Ruth Rickaby gathered some of the cast together for a little farewell. Joan told them about “the clip.” They had all suspected, but none of them knew definitely. 

 

“Look,” said Malcolm McCoy, picking at a hangnail and looking at Joan. “Do us a favor. Go to Mills Baking and tell them what’s going on.” 

 

“That would be great,” said Petruzzi.

 

“What have you got to lose?” Rickaby asked.

 

“You’re leaving anyway,” Petruzzi pointed out.

 

“All right,” said Joan. “Why not?” True to her word, Joan Vitez looked up a man in the advertising department at Mills Baking. She had met him before in connection with Ann Worth. She told him why she was leaving the show. He tried to persuade her to stay. She had already made up her mind and added, “the other actors wanted me to come to you and ask if you knew about the clip?” He didn’t know what she meant.
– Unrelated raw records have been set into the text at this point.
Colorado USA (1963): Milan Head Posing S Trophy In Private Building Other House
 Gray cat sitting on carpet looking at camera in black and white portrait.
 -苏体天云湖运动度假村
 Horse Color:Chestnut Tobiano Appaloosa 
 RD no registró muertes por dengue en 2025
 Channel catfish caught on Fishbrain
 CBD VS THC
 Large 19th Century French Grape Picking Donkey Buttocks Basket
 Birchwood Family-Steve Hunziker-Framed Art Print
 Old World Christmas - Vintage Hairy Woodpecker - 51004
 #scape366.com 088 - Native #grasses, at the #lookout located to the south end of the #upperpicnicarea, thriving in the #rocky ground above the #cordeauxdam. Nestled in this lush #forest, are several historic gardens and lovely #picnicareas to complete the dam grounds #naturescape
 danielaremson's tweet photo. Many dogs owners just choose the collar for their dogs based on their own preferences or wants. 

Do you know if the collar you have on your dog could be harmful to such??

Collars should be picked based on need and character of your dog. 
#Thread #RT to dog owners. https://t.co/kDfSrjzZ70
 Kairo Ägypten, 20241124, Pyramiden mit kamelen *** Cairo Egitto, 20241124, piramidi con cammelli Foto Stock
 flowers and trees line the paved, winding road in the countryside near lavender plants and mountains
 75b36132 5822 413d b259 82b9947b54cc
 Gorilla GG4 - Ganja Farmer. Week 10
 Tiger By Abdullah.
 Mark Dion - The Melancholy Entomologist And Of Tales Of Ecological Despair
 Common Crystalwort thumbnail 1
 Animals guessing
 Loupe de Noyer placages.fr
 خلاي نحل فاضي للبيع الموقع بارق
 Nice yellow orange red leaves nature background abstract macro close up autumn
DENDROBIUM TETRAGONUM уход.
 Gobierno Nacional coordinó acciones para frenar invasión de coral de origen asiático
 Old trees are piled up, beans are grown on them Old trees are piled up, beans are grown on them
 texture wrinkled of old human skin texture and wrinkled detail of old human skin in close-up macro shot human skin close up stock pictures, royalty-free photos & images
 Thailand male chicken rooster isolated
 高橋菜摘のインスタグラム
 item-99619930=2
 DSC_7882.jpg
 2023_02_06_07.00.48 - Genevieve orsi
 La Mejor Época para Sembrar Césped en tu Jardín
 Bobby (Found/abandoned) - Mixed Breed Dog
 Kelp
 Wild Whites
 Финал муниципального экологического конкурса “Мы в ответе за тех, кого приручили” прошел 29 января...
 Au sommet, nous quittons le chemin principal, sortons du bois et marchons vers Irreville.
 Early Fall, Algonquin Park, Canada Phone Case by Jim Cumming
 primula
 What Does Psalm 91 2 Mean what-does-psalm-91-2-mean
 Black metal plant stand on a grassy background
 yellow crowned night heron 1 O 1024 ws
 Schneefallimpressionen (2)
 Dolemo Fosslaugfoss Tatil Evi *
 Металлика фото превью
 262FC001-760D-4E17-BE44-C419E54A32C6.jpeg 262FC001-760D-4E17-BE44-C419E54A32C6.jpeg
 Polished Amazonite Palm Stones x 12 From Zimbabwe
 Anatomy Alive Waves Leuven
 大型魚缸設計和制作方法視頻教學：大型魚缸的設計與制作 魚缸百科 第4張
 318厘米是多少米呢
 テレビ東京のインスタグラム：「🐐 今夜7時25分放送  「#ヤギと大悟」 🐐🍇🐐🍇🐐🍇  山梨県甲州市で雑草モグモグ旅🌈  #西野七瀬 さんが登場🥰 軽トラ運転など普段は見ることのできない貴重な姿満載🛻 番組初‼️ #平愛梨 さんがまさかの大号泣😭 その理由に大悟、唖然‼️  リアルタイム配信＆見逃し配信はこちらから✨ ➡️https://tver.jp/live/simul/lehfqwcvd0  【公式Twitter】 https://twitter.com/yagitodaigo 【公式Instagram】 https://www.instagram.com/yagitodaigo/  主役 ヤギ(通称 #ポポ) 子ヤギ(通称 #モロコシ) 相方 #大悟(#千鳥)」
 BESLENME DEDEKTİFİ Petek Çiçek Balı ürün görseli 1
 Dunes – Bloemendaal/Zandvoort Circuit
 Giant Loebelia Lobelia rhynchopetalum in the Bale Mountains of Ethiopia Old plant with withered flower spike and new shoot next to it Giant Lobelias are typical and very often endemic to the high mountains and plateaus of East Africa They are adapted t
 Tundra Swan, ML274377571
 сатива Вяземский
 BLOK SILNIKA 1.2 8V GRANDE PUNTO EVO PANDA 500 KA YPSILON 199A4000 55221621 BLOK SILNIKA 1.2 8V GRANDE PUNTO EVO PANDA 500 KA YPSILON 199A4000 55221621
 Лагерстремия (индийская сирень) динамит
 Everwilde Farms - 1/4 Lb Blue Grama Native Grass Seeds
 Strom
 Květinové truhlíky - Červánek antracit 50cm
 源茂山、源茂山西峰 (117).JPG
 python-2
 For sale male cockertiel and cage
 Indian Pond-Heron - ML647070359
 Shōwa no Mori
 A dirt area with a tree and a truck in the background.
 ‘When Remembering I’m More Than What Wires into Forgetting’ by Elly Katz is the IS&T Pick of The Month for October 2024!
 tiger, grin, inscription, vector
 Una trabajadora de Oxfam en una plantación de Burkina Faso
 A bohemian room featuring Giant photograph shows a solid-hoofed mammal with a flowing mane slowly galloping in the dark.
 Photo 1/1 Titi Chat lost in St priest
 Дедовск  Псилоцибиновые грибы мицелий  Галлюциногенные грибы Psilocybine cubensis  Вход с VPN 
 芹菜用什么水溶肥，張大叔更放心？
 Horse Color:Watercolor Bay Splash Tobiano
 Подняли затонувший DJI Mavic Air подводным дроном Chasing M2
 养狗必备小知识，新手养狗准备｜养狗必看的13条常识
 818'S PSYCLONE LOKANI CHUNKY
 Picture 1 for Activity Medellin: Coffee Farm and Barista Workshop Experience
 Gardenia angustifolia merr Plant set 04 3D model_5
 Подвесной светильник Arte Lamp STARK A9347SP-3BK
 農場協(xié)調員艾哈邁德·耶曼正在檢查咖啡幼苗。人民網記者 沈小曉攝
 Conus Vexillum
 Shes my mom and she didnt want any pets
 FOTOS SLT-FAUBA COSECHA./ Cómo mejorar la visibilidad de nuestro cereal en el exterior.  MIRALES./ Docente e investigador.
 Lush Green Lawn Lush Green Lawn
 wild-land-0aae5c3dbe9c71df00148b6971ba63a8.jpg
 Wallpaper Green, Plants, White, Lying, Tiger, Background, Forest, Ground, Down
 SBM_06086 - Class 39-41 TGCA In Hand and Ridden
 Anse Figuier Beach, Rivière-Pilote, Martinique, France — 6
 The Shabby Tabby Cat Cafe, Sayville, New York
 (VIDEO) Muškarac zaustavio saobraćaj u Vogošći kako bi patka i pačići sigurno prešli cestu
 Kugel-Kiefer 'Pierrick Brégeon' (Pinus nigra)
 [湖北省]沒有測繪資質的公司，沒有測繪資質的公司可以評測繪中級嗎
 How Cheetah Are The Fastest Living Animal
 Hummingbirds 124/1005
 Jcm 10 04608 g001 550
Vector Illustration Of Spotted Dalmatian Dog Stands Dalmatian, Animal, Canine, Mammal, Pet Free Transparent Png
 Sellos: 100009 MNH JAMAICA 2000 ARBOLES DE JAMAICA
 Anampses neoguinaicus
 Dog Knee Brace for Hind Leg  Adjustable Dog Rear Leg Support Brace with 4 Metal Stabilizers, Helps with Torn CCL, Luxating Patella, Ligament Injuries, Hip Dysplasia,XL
She explained it. As Joan Vitez walked away from the Mills Baking Company, she erased the whole affair from her mind. She never went back to WXYZ. Lenore Collins took over the role of Ann Worth, Housewife, but—for reasons that remained unknown to the management of the radio station—Mills Baking cancelled their account a short time later, and the show went off the air in March of 1938.